Wood into Art

Anthony Giachetti’s furniture is both functional and timeless.

A seven-drawer desk (detail)
An attorney’s desk from the front…
…and from the back
Detail of a music stand
Detail a fluted cabinet

A music stand of East Indian rosewood, with maple laminated veneers curved as delicately as a clef, stands rooted in a solid base so that it leans toward the musician with assurance. It expresses the remarkable integration of art and utility in the one-of-a-kind pieces by furniture designer/maker Anthony Giachetti, A.M. ’69. Each work has a distinct function—but their enduring aesthetic appeal is even more prominent. “Timelessness is something that I think about constantly in the design process,” he says.

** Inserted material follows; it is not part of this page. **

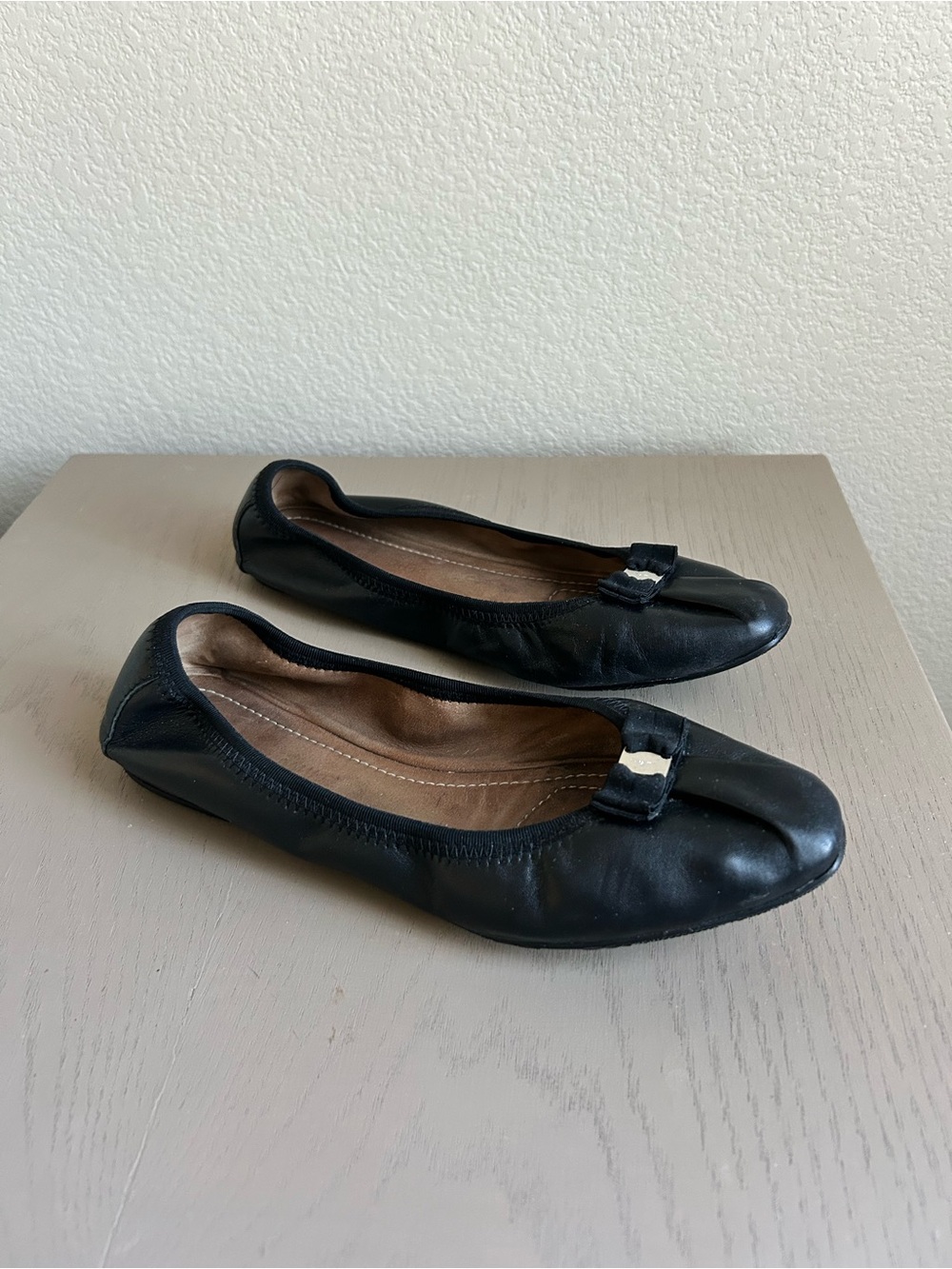 Ferragamo Joy Ballet Flats size 10 Black Leather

Attorney Charles Edson ’56, J.D. ’59, and his wife can attest to this, having purchased a fluted sideboard Giachetti made for a show in 1982—one of three of his pieces that they own. “I thought it was smashing looking, and asked him if he could expand on the idea,” Sue Edson recalls. They commissioned a seven-foot-long French walnut desk with fluted, curved verticals. “I like Tony’s work just as much today as when we purchased it,” she says, “and I can’t say that about the work of many artists that we have around the house.”

All of Giachetti’s pieces are privately held, save a tiger maple bench with ebony inlay whose “concave sides and central arch testify to Giachetti’s mastery of lamination,” according to literature from the Yale University Art Gallery, where it remains on display 25 years after its acquisition. To achieve its type of dramatic curve, he slices wood to a one-eighth-inch thickness with a band saw, then sands, bends, and glues at least seven plies—one at a time, in order, to match the grain—to a carefully formed particleboard. Calculating different concentric lines requires the creator “to put on that engineering hat,” he says. Yet even the meticulous placement of materials remains an organic art. “Never is a match perfect, because the wood changes in grain and color as you cut sequentially from sap to heartwood,” he explains. This allows the furniture to “tell the tale of the tree.”

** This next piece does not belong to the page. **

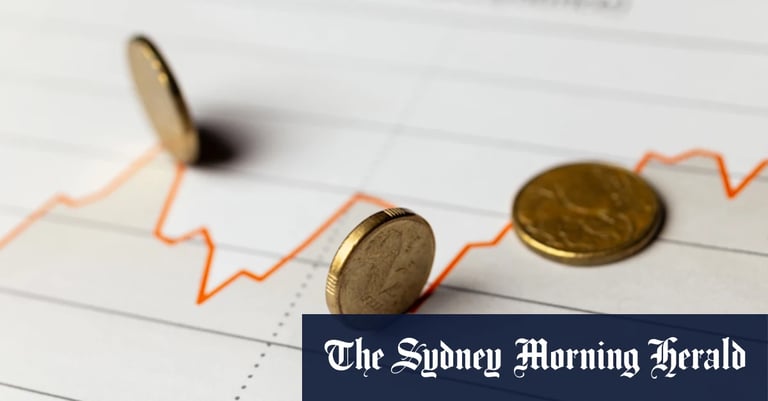 Australian Dollar Hits 5-Year Low Amid US-China Trade Tensions, Sparking Inflation Concerns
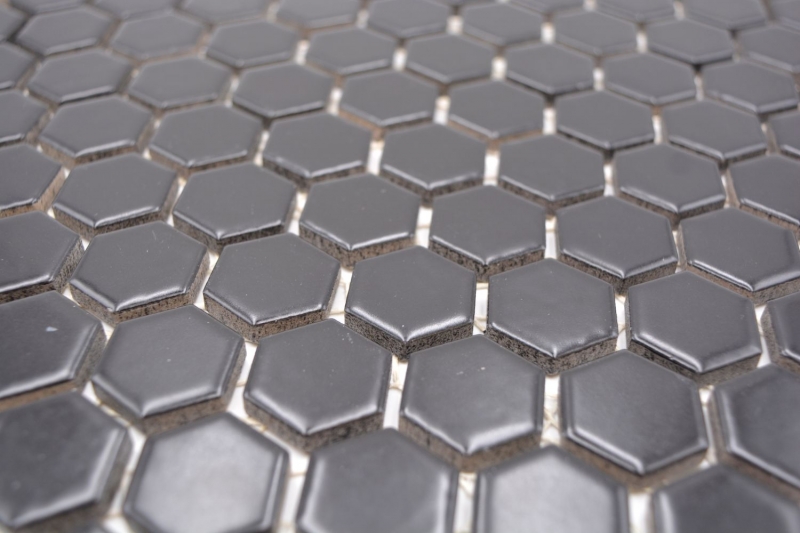 Piastrella di mosaico dipinta a mano in ceramica esagonale nera opaca per doccia MOS11A-0311_m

Giachetti, who divides his time between East Boothbay, Maine, and Chapel Hill, North Carolina, hand-selects wood from importers in New York City; favorites include curly maple, Swiss pearwood, curly mahogany, rosewood, walnut, cherry, quartered oak, French walnut, and English brown oak. Beauty attracts him first. The wood, when finished with oil, must “have a look and feel that enhances the grain pattern and is as smooth as silk,” he says. But he also chooses materials that have “the strength necessary for quality-built furniture to last many lifetimes.” The decision to use a particular variety depends on the purpose of a piece or a client’s preferences.

The Shaker tradition, featuring exposed joinery and elegant lines, informed Giachetti’s early work. Over time the more complex English Arts and Crafts style sparked his imagination, forcing his skills to follow suit. “If you are doing one-of-a-kind work,” he says, “it’s important to strike a balance between developing and refining a design over a number of pieces, and then knowing when you should move on.”

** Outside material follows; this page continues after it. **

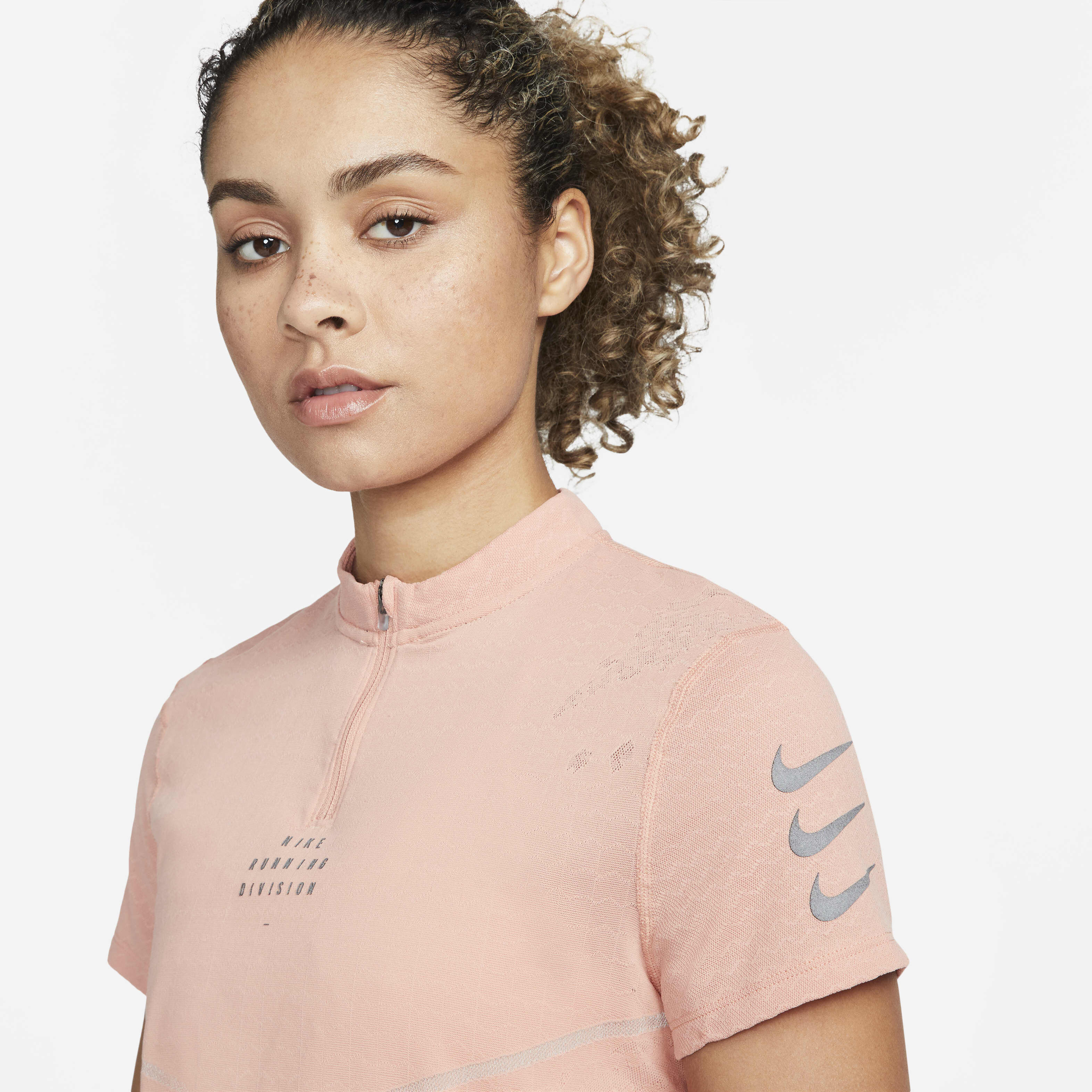 Nike Dri-FIT ADV Run Division image number 2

Details indicative of Giachetti’s style include 16 fluted and inlaid curly mahogany door verticals in barrel-stave construction on a cabinet inspired by the designs of twentieth-century Italian architect Paolo Portoghesi. Occasionally, whimsical touches grace the refinement, as with doors on a French- and black-walnut butterfly cabinet that open toward the center, like wings. A jewelry chest, raised on slender legs, contains 29 miniature drawers of different sizes, evoking a sophisticated puzzle. Each intricate piece may take eight or nine weeks of intense work to complete.

When Giachetti started, he sold a walnut table for less than $500. By the early 1990s, when he was working exclusively through private commissions and juried shows, one of his desks sold through the American Crafts Council for $10,000, and another was appraised at $30,000.

 Yet his first clients paid nothing at all: Giachetti began by building furniture for his own home in the late 1960s and early 1970. He was pursuing a Harvard Ph.D. in economics and met his future wife, Nikki Schumann ’70, an artist who sharpened her silk-screening prowess on the iconic “red fist” posters for the student strikes of 1969. Though he’d never picked up a tool, Giachetti decided—for reasons he still can’t quite explain—to furnish their apartment with his own handiwork. So he purchased textbooks, set up shop in a friend’s basement, and started teaching himself the art of furniture making “instead of writing my dissertation.”

Six months later, the completion of a cherry-wood dining table cued the shift from hobby to lifelong vocation. “I was making something tangible,” he recalls. “It just seemed much more immediate and gratifying.”